This time of year there are a lot of fishing opportunities here in my part of the world. Trout fishing in our cold water streams is at it’s peak. The local lakes and ponds are warming, and bass and panfish are in the shallows getting ready for the spawn. The saltwater scene is also waking up, big stripers are in the backwaters and starting to show up on the beaches, and the elusive weakfish will begin entering our rivers and be available to fly fishers for a small window of time. On top of everything I just mentioned there are also shad!

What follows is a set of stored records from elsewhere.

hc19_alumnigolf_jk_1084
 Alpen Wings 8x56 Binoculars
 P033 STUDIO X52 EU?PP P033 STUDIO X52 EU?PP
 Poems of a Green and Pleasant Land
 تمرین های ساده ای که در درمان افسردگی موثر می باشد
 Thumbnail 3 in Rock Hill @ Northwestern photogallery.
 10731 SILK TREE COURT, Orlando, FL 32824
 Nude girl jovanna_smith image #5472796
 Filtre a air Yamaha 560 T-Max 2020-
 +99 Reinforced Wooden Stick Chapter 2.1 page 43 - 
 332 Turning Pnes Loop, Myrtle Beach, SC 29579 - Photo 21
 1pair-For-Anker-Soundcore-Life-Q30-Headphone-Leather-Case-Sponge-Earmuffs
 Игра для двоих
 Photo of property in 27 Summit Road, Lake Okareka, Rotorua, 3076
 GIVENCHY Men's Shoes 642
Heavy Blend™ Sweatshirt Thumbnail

Shad are one of my favorite fish to chase with a fly rod. They readily take small, bright flies and are great fighters. I plan on taking a little break from fishing and guiding for trout as well chasing bass and panfish around the local lakes and ponds. I am looking forward to spending a couple of days on the Delaware River to fly fish for shad. The shad run has been in full swing for a while now. At the moment the Delaware River is running a little high in the areas I plan on fishing so I will be watching water levels closely, and I will be hitting the water as soon as the conditions are favorable. I usually wait until we are a few weeks into the run as many of my fly fishing spots are quite a ways upstream. Although you can spin fish for shad practically everywhere, spots suitable for fly fishing are not as widespread. Because of that, I won’t be giving any specifics here. Plus scouting the river is half the fun.
I have written about shad fishing in the past. And rather than regurgitate that information in this post I have included a few links to past blog posts on the subject. Clicking the buttons below will take you to those blog posts. You can also use the search bar on the home page to find information about fly fishing for shad on this website.
If you have never fished for fly fished for shad you are missing out on some great fun. If there are shad runs in your neck of the woods, get out there and give them a try. You will not be disappointed.